DATA FOR THIS TASK:
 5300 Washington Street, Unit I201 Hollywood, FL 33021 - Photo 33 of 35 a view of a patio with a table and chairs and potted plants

* * *

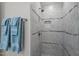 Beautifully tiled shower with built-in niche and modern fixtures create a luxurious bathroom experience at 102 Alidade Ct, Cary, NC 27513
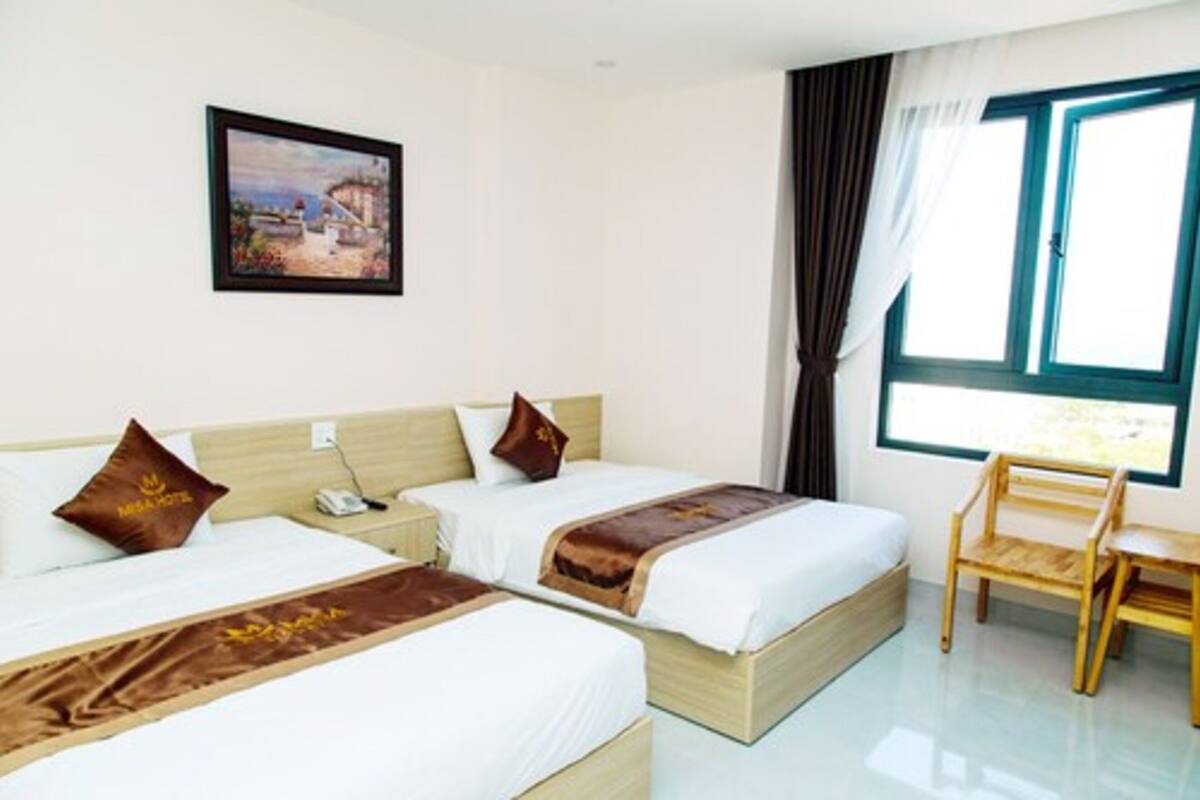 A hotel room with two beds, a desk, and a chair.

==

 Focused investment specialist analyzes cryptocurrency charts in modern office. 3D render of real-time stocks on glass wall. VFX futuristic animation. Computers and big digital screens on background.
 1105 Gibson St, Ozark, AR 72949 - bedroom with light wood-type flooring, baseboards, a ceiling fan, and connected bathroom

HOW TO COMPLETE THIS TASK:
Your answer should consist only of the lines above between the line holding "Focused investment specialist" and the line holding "1105 Gibson St, Ozark, AR", inclusive, each transcribed exactly.

SOLVED EXERCISE:
 Focused investment specialist analyzes cryptocurrency charts in modern office. 3D render of real-time stocks on glass wall. VFX futuristic animation. Computers and big digital screens on background.
 1105 Gibson St, Ozark, AR 72949 - bedroom with light wood-type flooring, baseboards, a ceiling fan, and connected bathroom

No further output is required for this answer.